Buchcover "Weshalb die Herrn Seesterne tragen" von Anna Weidenholzer

Matthes & Seitz Berlin

Anna Weidenholzers Roman ist im Matthes & Seitz Verlag Berlin erschienen.

Das alte Hotel Post im anonym bleibenden Ort wird für einige Wochen seine Basis, von der aus Karl versucht, Freiwillige für seine Befragung zu finden. Das Unternehmen gestaltet sich allerdings recht schwierig, und die resolute, Tarotkarten legende Wirtin und der dicke Hund Annemarie, den Gäste hier letztes Jahr vergessen haben, sind seine einzigen fixen Gesprächspartner im Forschungsalltag.
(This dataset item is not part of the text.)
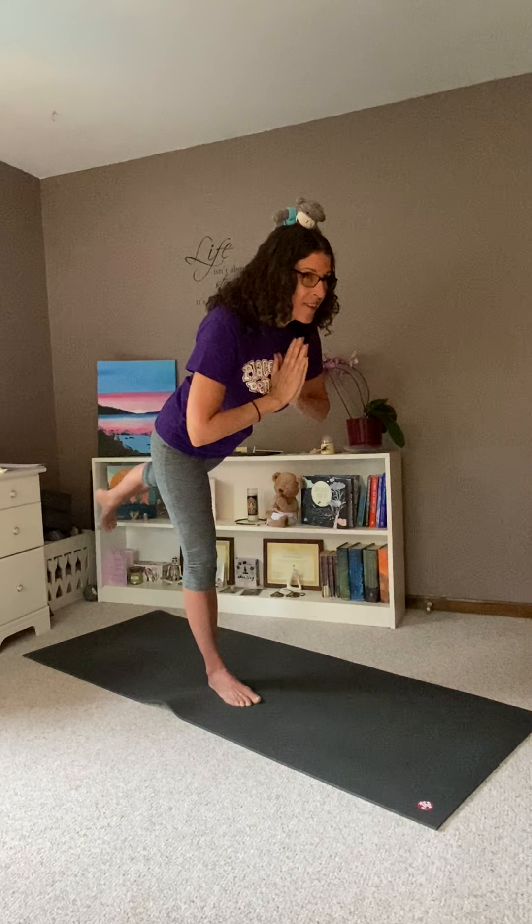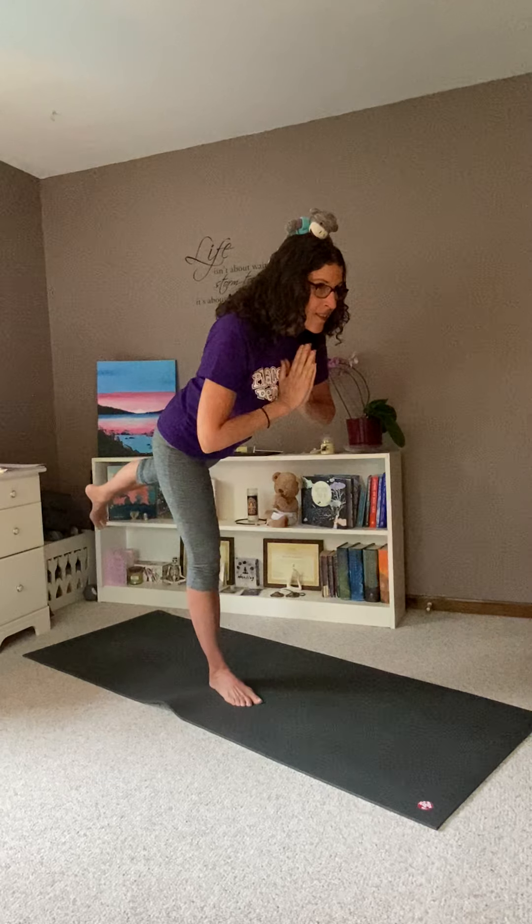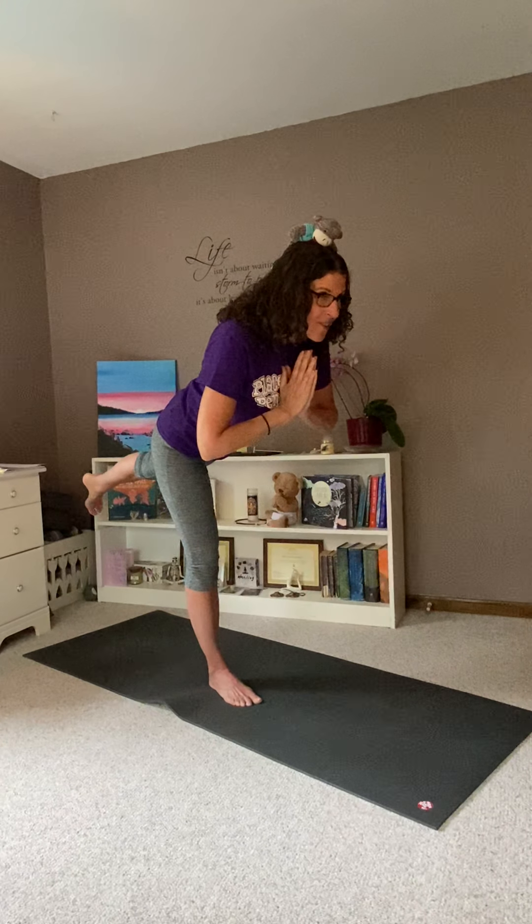Let's try the other leg. All your weight in your right leg. Start to lean forward and lift your left leg behind you — warrior three. Careful not to drop that stuffy. And back to mountain pose.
Mit den dahinschleichenden kalten Oktobertagen beginnt das ursprünglich ambitionierte Projekt nach und nach aus dem Ruder zu laufen. Karl verzettelt sich in unwichtigen Fragen, was ihn in skurrilen Gesprächen mit den Dorfbewohnern dazu zwingt, mehr und mehr von sich erzählen zu müssen. So deckt die ursprüngliche Suche nach dem Glück immer mehr Karls eigenes Unglück auf.

Wenn Fragen Türen öffnen

Die österreichische Autorin Anna Weidenholzer ist keine Unbekannte mehr. Öfter landete sie beim FM4 Wortlaut Literaturwettbewerb unter den Top 10 und ihr erster Roman "Der Winter tut den Fischen gut", ein berührendes Buch über Arbeitslosigkeit, hat durchwegs gute Kritiken bekommen. Jetzt legt sie mit "Weshalb die Herren Seesterne tragen" ihr zweites Werk vor, das um das Thema Glück kreist und damit auf der Longlist des Deutschen Buchpreises 2016 steht.

Portraitfoto Autorin Anna Weidenholzer

Otto Reiter

Auch diesmal ist Weidenholzers Erzählstruktur, wie in ihrem Debüt, keine klassische. Sie lässt zwei Geschichten parallel laufen. Einerseits schauen wir Karl bei seinem krampfhaftem Forschungsprojekt über die Schulter, andererseits sitzen wir mit ihm im Auto am Weg zurück zu seiner Frau Margit, die er ohne Vorwarnung für dieses Glücksprojekt zuhause zurückgelassen hat. Anfangs telefoniert das Ehepaar noch, doch als Margit nicht mehr abhebt, wälzt Karl im Kopf mögliche Dialoge mit ihr, was uns eine tiefen Einblick in die Beziehung der beiden beschert.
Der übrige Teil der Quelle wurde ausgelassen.